Name output files in AG.Date.App format
Write your report files with the following prefix: ApplicationGroup.DateFormat.Application
This will allow you to load by Application Group, Date, and Application easily when you sort the files. By having the date as your second 'field' in the file name, you make loading in Chronological order easy and straightforward.
Concatenating reports together means fewer loads (and less overhead, as each load can represent up to 10k in metadata). It also means you'll get better compression for storage. Depending on the volume of data for a particular report, you may be able to group reports together by month -- and this also works perfectly with the point above, keeping groups of data with similar dates together inside database tables.

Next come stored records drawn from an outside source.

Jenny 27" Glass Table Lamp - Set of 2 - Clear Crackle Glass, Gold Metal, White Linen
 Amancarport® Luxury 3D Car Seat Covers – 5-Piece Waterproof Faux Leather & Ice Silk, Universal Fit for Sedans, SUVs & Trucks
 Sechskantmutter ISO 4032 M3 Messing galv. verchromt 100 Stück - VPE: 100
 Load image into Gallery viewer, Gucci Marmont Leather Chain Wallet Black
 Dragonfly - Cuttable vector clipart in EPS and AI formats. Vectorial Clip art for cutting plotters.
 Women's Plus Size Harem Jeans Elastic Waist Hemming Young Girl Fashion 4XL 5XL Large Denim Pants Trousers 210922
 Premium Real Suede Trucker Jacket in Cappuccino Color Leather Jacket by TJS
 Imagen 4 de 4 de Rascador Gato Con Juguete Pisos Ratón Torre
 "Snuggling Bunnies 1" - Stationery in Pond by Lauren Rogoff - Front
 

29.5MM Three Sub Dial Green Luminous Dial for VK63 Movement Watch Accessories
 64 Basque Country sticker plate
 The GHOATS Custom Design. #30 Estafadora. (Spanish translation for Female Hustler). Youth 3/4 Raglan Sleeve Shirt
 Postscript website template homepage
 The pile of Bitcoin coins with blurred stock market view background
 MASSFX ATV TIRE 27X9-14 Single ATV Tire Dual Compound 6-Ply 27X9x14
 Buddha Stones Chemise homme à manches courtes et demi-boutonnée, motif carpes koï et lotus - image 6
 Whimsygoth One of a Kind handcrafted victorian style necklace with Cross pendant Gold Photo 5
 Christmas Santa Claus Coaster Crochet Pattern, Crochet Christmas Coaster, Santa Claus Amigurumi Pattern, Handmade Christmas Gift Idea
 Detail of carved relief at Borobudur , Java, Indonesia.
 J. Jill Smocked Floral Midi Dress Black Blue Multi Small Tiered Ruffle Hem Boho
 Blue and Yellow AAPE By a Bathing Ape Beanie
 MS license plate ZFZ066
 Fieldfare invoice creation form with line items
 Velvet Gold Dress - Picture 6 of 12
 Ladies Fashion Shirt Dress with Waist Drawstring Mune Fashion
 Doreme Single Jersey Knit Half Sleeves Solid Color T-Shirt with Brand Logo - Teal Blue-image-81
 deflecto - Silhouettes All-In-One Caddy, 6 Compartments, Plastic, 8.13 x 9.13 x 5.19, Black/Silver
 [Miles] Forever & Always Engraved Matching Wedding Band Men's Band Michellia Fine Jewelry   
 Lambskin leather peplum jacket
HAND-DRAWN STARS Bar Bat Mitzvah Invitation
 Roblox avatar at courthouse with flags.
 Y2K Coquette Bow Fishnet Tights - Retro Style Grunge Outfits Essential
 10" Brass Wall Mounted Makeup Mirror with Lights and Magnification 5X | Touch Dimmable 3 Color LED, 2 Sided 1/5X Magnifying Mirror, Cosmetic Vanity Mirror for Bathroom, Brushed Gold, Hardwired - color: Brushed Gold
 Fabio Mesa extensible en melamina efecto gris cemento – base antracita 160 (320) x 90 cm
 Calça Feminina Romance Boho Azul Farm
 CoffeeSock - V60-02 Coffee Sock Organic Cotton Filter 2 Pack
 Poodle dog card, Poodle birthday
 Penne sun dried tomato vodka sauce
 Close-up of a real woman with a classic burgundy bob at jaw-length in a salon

Produce output in manageable batches
When producing output, remember that you'll likely need to transfer this data between systems, possibly across the network, and onto different operating systems. There are limitations to different archiving and compression tools (32678 files for .zip archives, and 2GB file size limits for older versions of gzip and bzip2), and you don't want to lose too much time or effort if a file transfer is interrupted. It's best to produce managable, similarly-sized batches that you can use to develop Applications, test loads, and promote from your Development to Quality Assurance ("QA") and Production Servers.
Order of Operations
In order to find problems with reports as quickly as possible, follow these steps in order:
- Build a test / development Content Manager OnDemand Server
- Make sure you have some extra temporary storage space to queue up incoming report data
- Begin delivering duplicates of the report data to CMOD, in its original format.
- Make some test Application Groups and get some practise indexing these reports, and figuring out any strange or non-standard report types.
- Do you research -- everything under 'Initial Considerations'.
- Document your new structure - create new Application Groups, select the reports that will belong to them, and identify your sample data.